While the government boasts of the "fastest-growing economy in the region," the statistics tell a darker story. 

In 2017, the national poverty rate stood at 70.5%, with extreme poverty at 30%. 

By early 2025, World Bank projections showed a catastrophic surge: general poverty reached roughly 85%, while extreme poverty climbed to 49.2%. 

This means that since the Second Republic came to power, poverty in Zimbabwe has actually increased. 

In other words, more Zimbabweans are finding it difficult to feed their families today than in 2017. 

Today, more families are struggling to keep their children in school than nine years ago. 

Despite the 7% growth figures touted in air-conditioned offices, more Zimbabweans are hungry today than they were nine years ago.

The human cost of this "growth" is visible in our collapsing healthcare system. 

Our public hospitals have become death traps where cancer radiotherapy units are perpetually broken and neonatal mortality rates are rising. 

It is a chilling reality that a Zimbabwean seeking medical help in 2026 is often in more danger than they were in 2017. 

While our mothers die for lack of basic medication, we see the missing wealth elsewhere. 

This is the wealth that should be constructing new, well-furnished schools-fully equipped with modern libraries and science laboratories-across our rural areas where children currently learn in dilapidated structures. 

This is the money that should be funding the construction of high-quality, durable road networks throughout both urban and rural Zimbabwe, rather than the death traps we currently navigate. 
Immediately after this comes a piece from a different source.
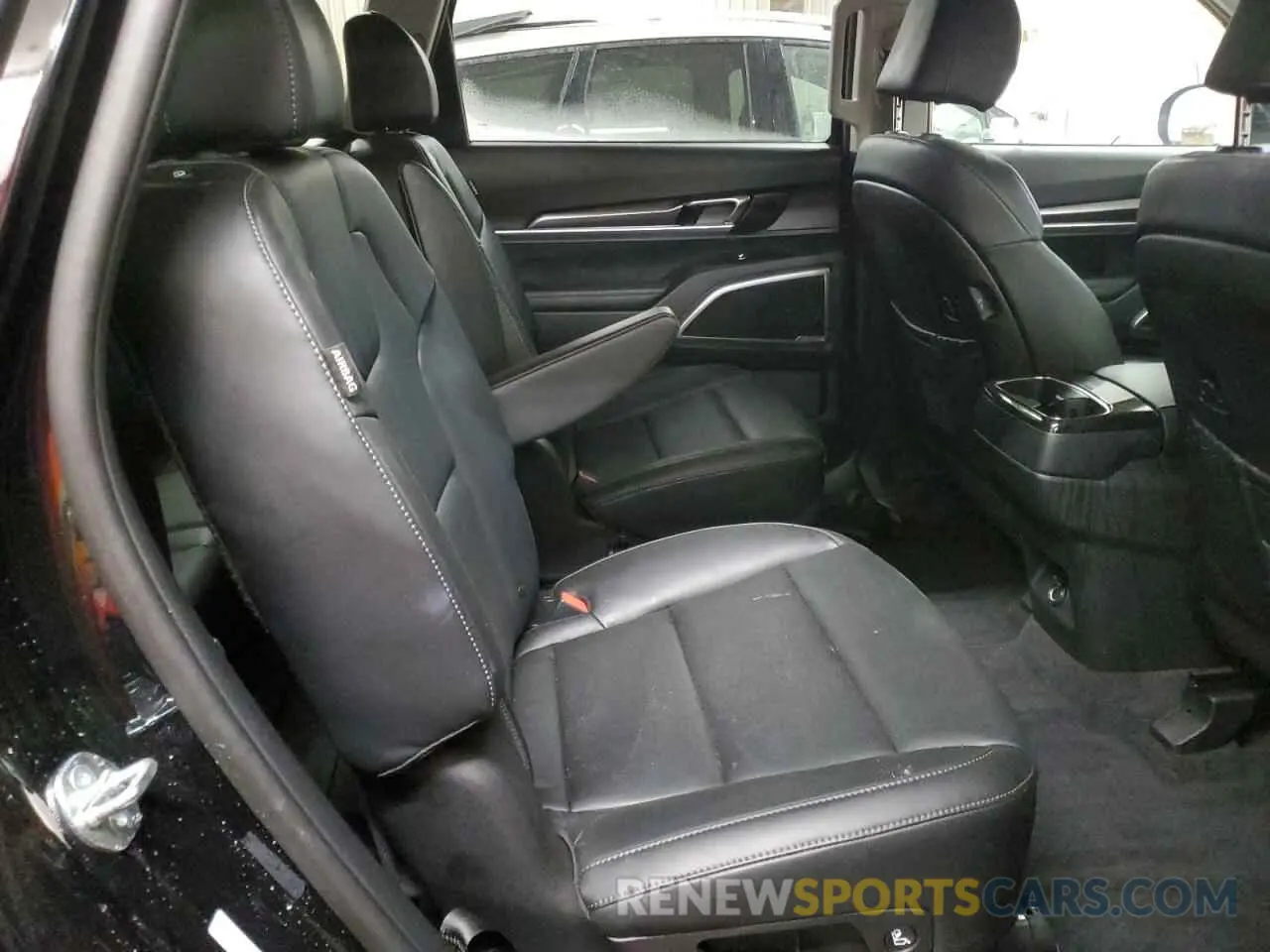 11 fotografías del automóvil dañado 5XYP64GC3SG598196 KIA TELLURIDE 2025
Instead of building a future for the next generation, this national treasure is diverted into the private accounts of a handful of connected individuals while millions of Zimbabweans are left to languish in infrastructure that is crumbling before their eyes. 

It is this systematic siphoning of public funds that keeps Zimbabwe anchored at the bottom of global transparency rankings, consistently scoring a dismal 22 out of 100 on the corruption index.

We see it in the luxury cars and the cash doled out like confetti by the Zvigananda-the nouveau riche tenderpreneurs. 

We see it in the private jets, the helicopters, and the sprawling mansions funded by the very money that should have been building well-equipped rural schools and safe roads. 

This is our money, siphoned into foreign bank accounts while we are told to be patient.

This global reputation for entrenched corruption is the ultimate indictment of those pushing for CAB3.

They speak of "development," yet their version of development is a farce. 

Constructing a single traffic interchange at an inflated cost that could have funded three is not development; it is brazen theft. 

A US$1.8 million single-lane bridge is not an achievement; it is state-sanctioned plunder. 

Drilling a "presidential  borehole" for US$16,000 is not service delivery; it is economic sabotage. 

These are the "achievements" of a system that now asks for more time.

Why should we give them more time? 

More time to do what, exactly? 

More time to loot while we sink deeper into the abyss? 

More time to expect us to celebrate our own destruction? 

The push for CAB3 is not a political party issue-it is a survival issue. 

If this Bill passes, we all lose. 

The only winners will be the handful of individuals who have made the last nine years a living hell for the majority. 

They want two more years to finish what they started, which is the total liquidation of the Zimbabwean dream. 

We must stand together, across all divides, and offer a resounding "NO." 

Resistance to CAB3 is not just an act of political defiance; it is a necessary act of self-preservation for every Zimbabwean who believes they deserve a life of dignity.